At a press conference last Friday, he mentioned that the Russian troops use 10,000 pieces of artillery ammunition daily. This quantity could potentially last for about a month. The delivery of supplies from North Korea suggests that Russia intends to prolong its involvement in the Ukrainian war and is actively taking measures to do so.

There are still uncertainties surrounding the caliber of weapons provided by Pyongyang.

In 2010, the North Korean military launched approximately 170 shells at Yeonpyeong, South Korea, with over half of them landing in the surrounding waters of the island.

According to Hinton, subpar ammunition may not perform consistently, but due to the high quantities used and a lack of precision, the occasional misfires would not have a significant impact.

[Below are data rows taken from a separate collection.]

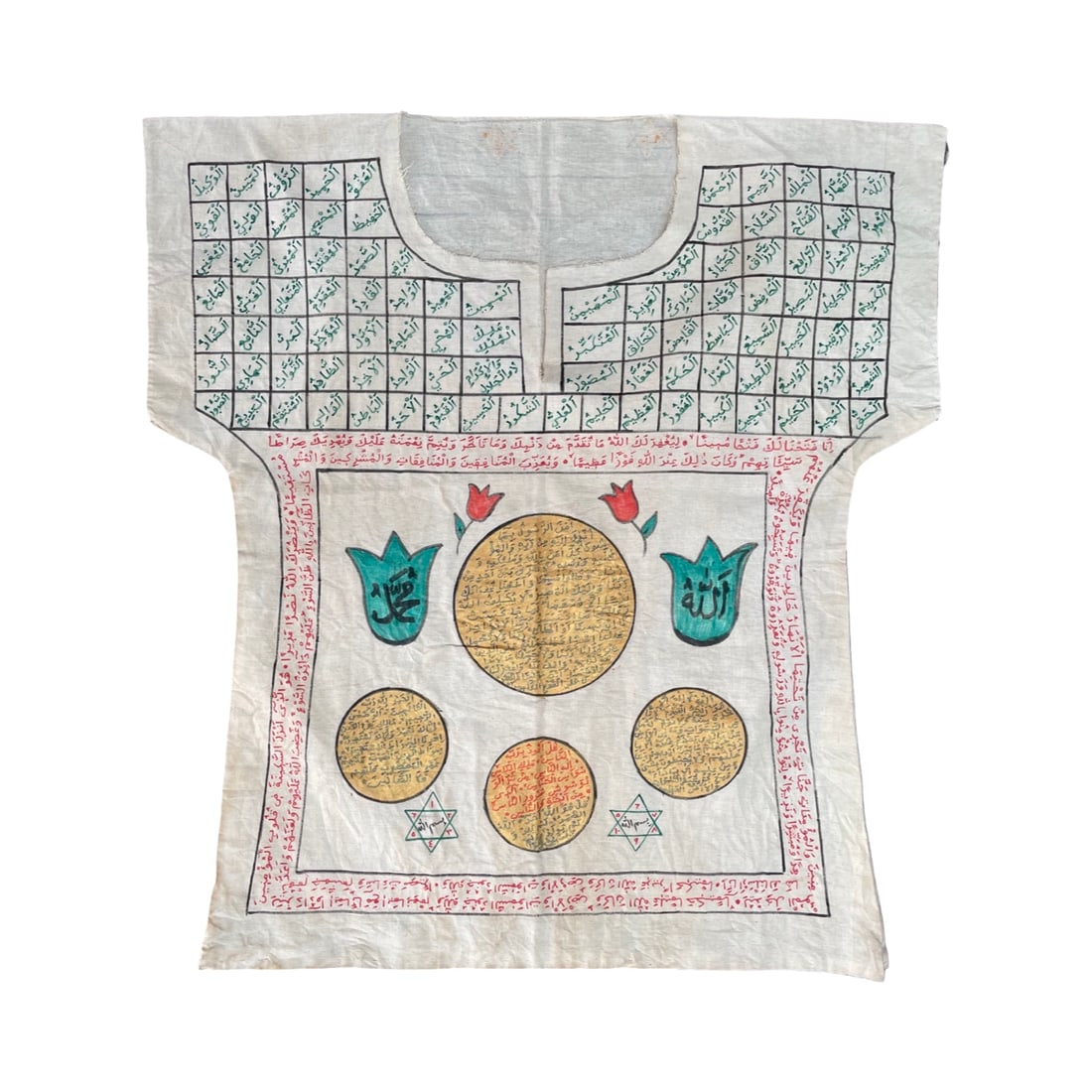 An Islamic Modern Talismanic Tunic (Jama) with Floral and Geometric Medallions (1 of 8)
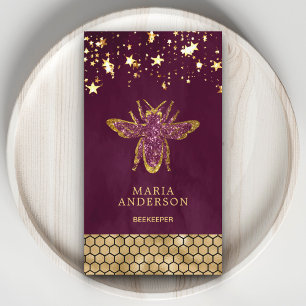 Cartão De Visita Roxo Ameixa Dourado Brilho Mel Abelha Apicultor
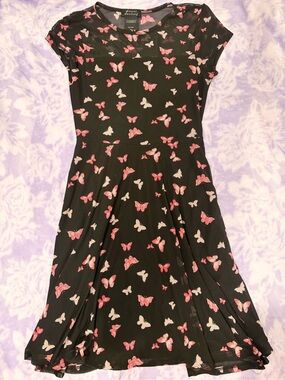 Hot Topic Sweet Society Black Butterfly Print Dress w/ Pockets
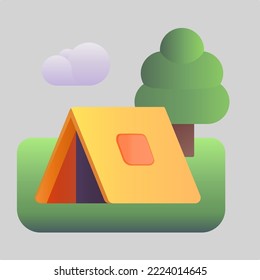A campsite featuring a tent and a tree. fake 3d flat editable colorful illustration. Camping symbol label design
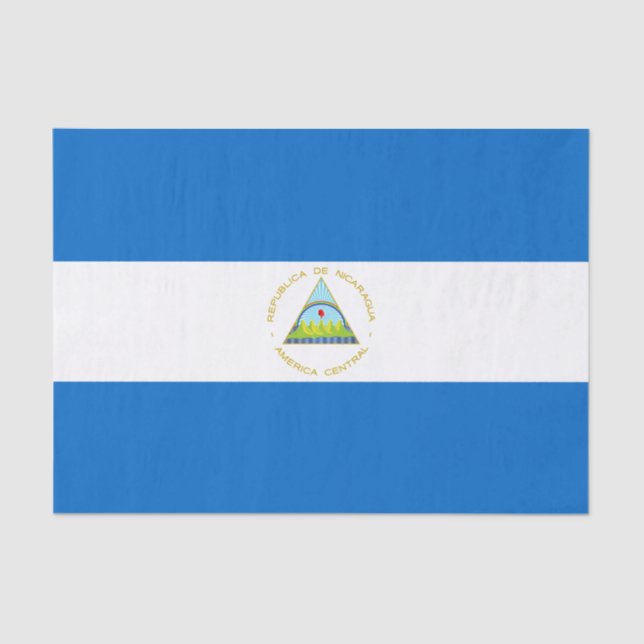 Papel De Seda Bandeira da Nicarágua (Frente )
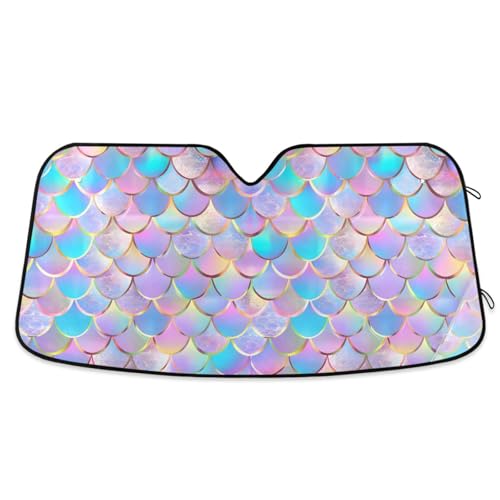 Car Windshield Sun Shade Mermaid Scale Purple Iridescent Foldable Car Front Windshield Sunshade...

Essentially, quantity outweighs quality in this scenario.

Moscow has increased its domestic missile production levels, surpassing those before the war. Under Putin’s leadership, the production of military equipment has become a top priority for Russia, with a planned defense spending increase of nearly 6% of the gross domestic product in 2024. This follows a 3.9% increase this year and a 2.7% increase in 2021.

In the previous month, Rostec, the largest weapons manufacturer in Russia owned by the state, reported a significant growth in production for different types of weapons ranging from two to 10 times.

According to Jack Watling’s report titled “Ukraine Must Prepare for a Hard Winter,” Russia’s production of long-range missiles has significantly increased. In October 2022, they were producing about 40 missiles per month, but now they are producing over 100 per month.

Due to the lack of progress in Ukraine’s summer attack and the change in military resources, it is crucial for Kyiv to proceed with caution in order to maintain control.